TASK PROMPT
The answer must consist solely of the lines below starting at the one containing "sunny floral armband - oranje &" and ending at the one containing "Flawless Fubu Sports", repeated exactly, with both ends included and all pictures omitted.

### RECORDS FOR THIS EXERCISE

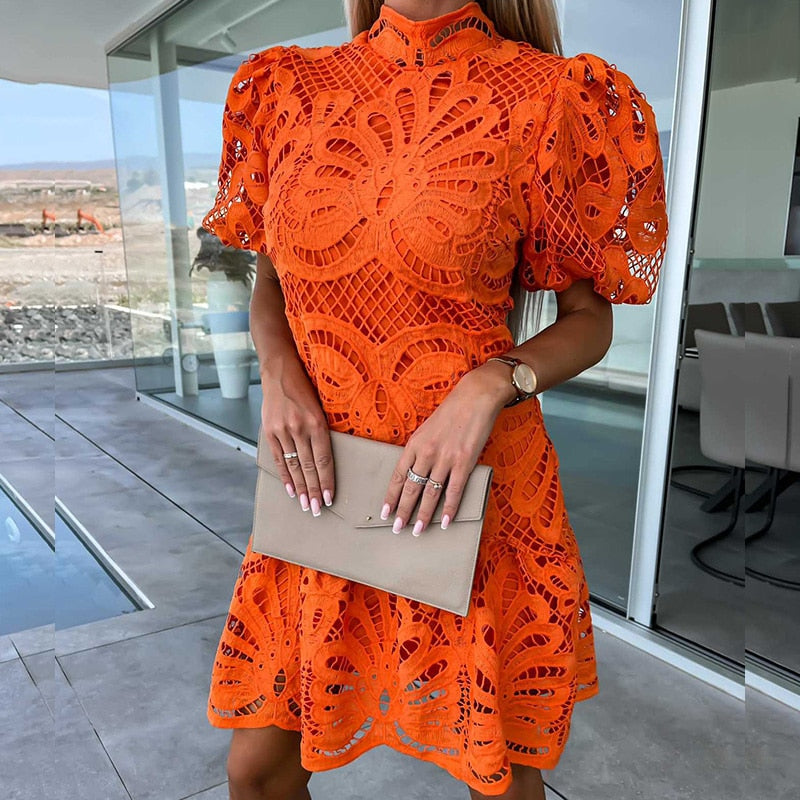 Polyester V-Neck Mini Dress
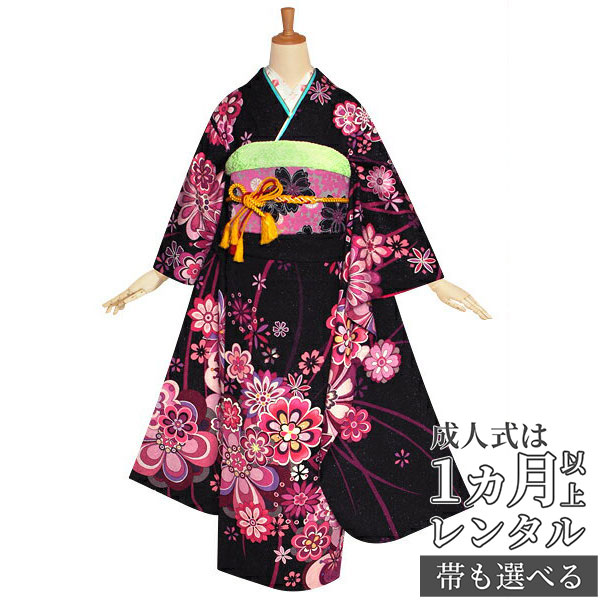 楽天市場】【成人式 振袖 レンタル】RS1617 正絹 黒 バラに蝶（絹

######
### RECORDS FOR THIS EXERCISE

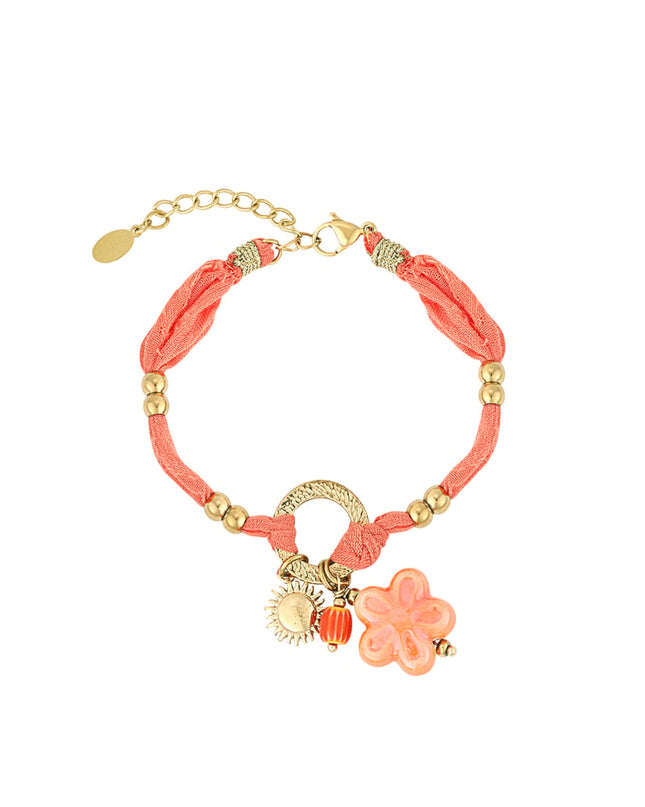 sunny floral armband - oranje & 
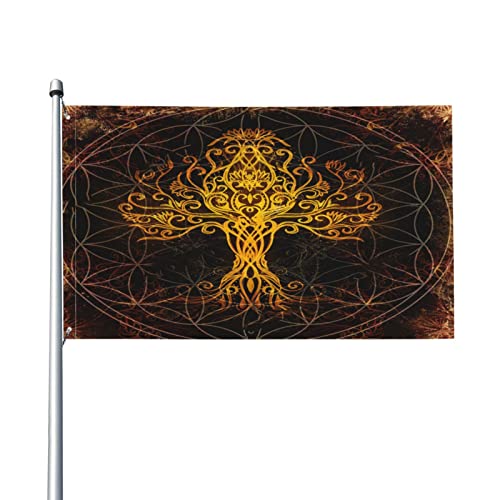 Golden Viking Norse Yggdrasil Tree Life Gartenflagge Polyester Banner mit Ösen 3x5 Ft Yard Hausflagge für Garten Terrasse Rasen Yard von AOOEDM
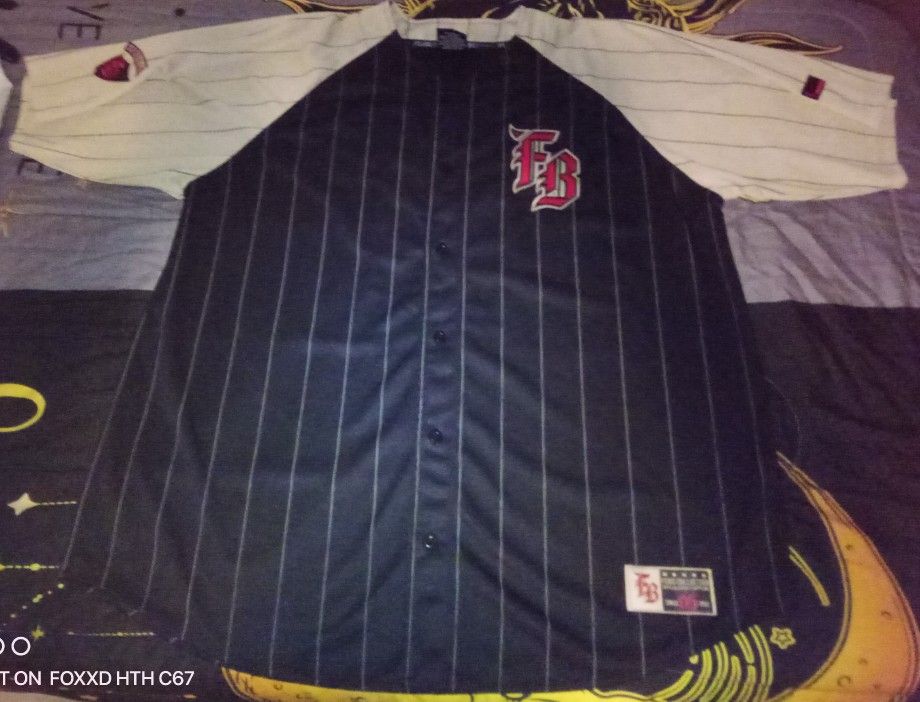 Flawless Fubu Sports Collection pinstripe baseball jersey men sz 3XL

######

RESULT BELOW
 sunny floral armband - oranje & 
 Golden Viking Norse Yggdrasil Tree Life Gartenflagge Polyester Banner mit Ösen 3x5 Ft Yard Hausflagge für Garten Terrasse Rasen Yard von AOOEDM
 Flawless Fubu Sports Collection pinstripe baseball jersey men sz 3XL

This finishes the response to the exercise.